__Exercise__. Transcribe the whole listing exactly, but do not carry over its pictures.

__Input data__.
================================

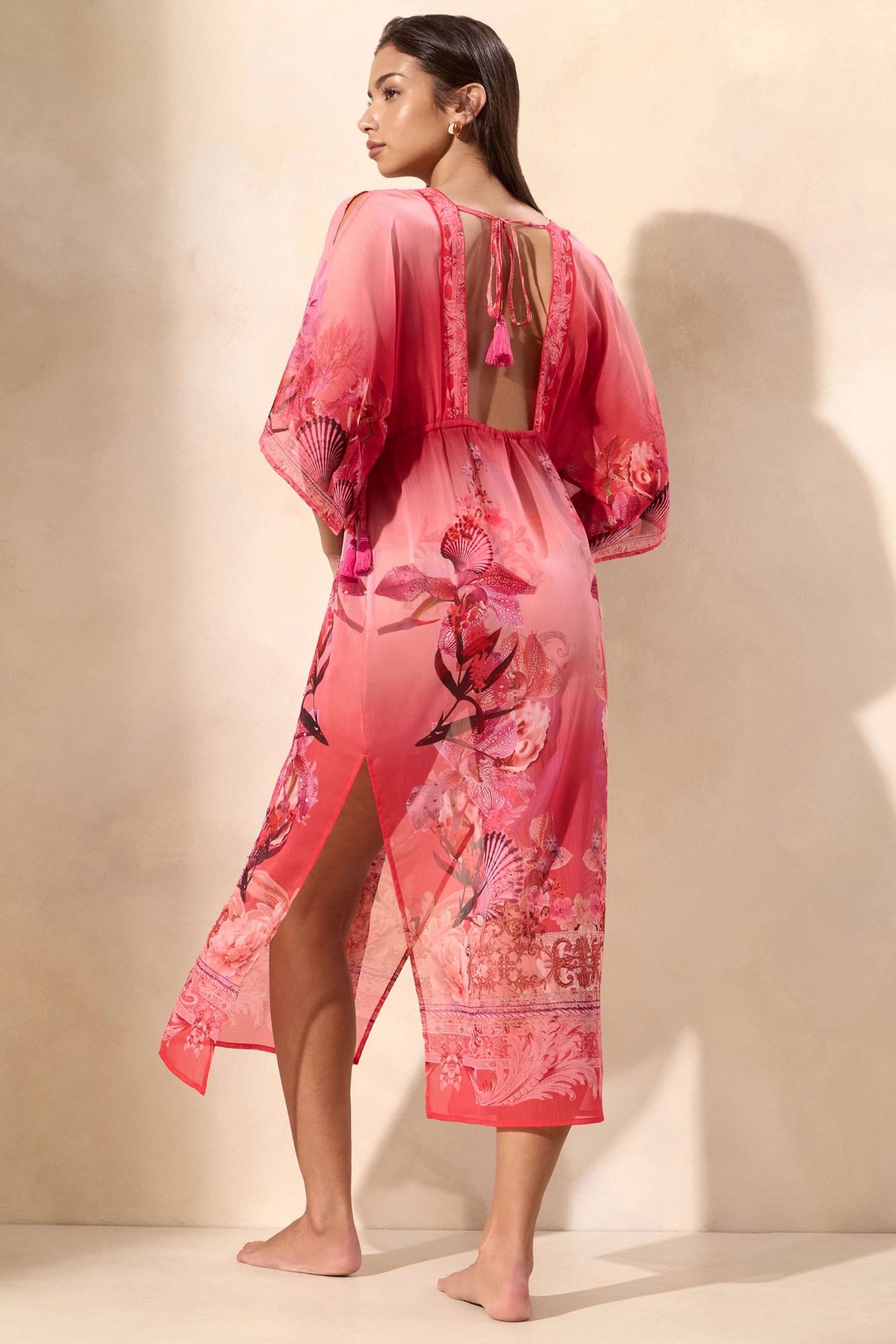 LIPSY Strandkleid Lipsy Chelsea Maxi-Kaftan mit China-Print (1-tlg)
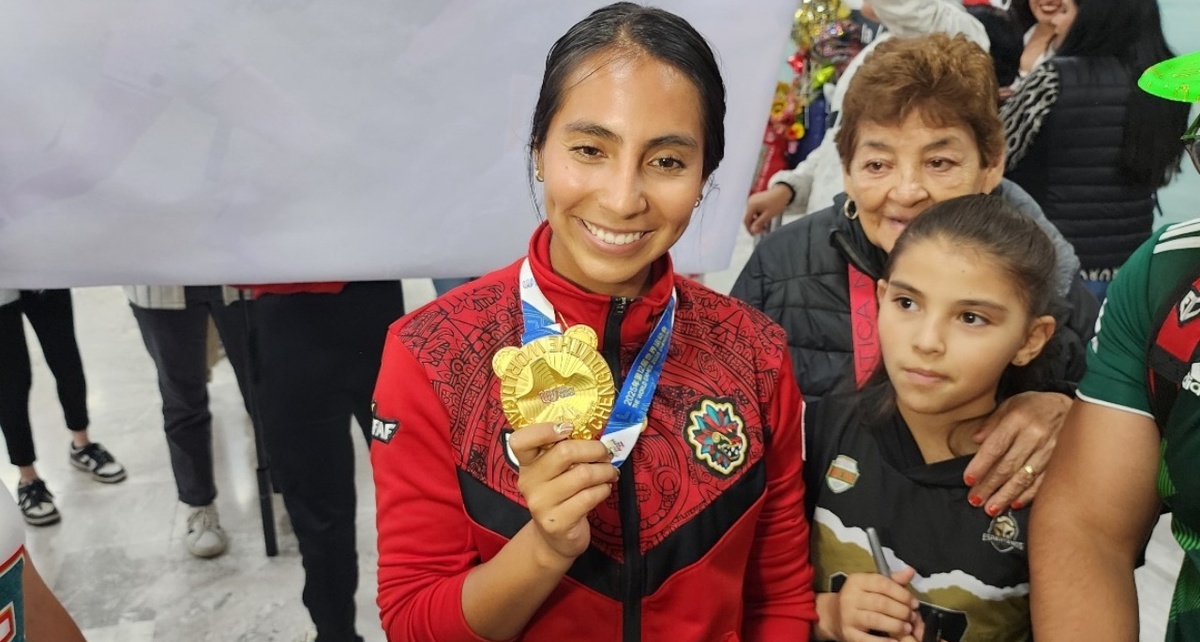Diana Flores posa con su medalla de oro de los World Games 2025 (Carlos Cruz)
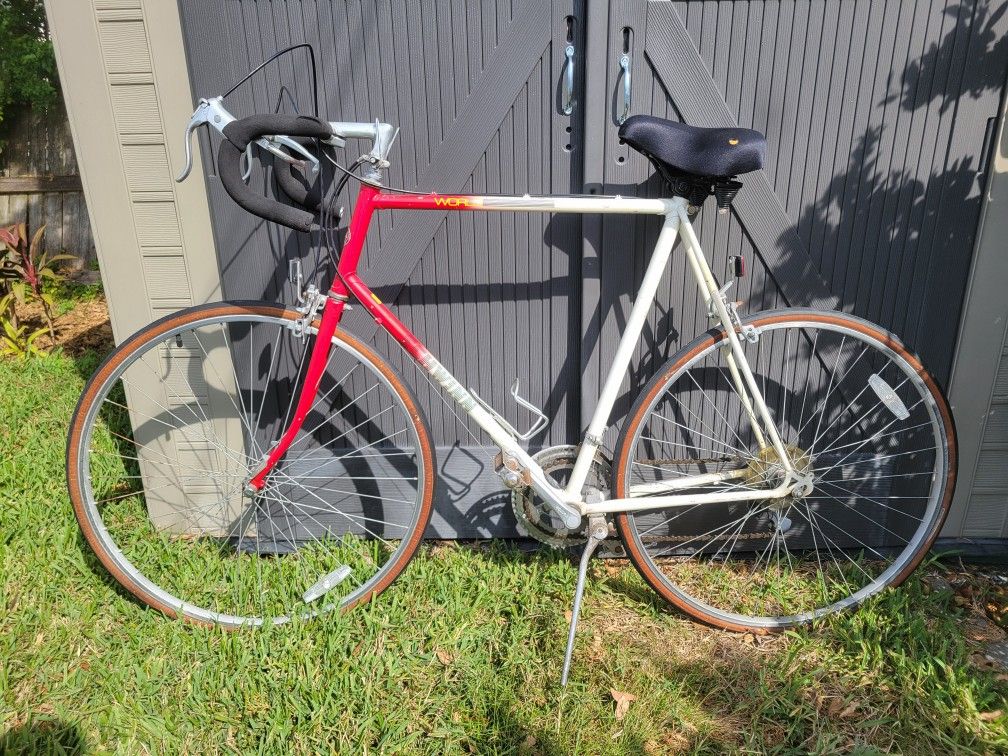 1970s Schwinn World Road Bike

================================

__Written response__.
 LIPSY Strandkleid Lipsy Chelsea Maxi-Kaftan mit China-Print (1-tlg)
Diana Flores posa con su medalla de oro de los World Games 2025 (Carlos Cruz)
 1970s Schwinn World Road Bike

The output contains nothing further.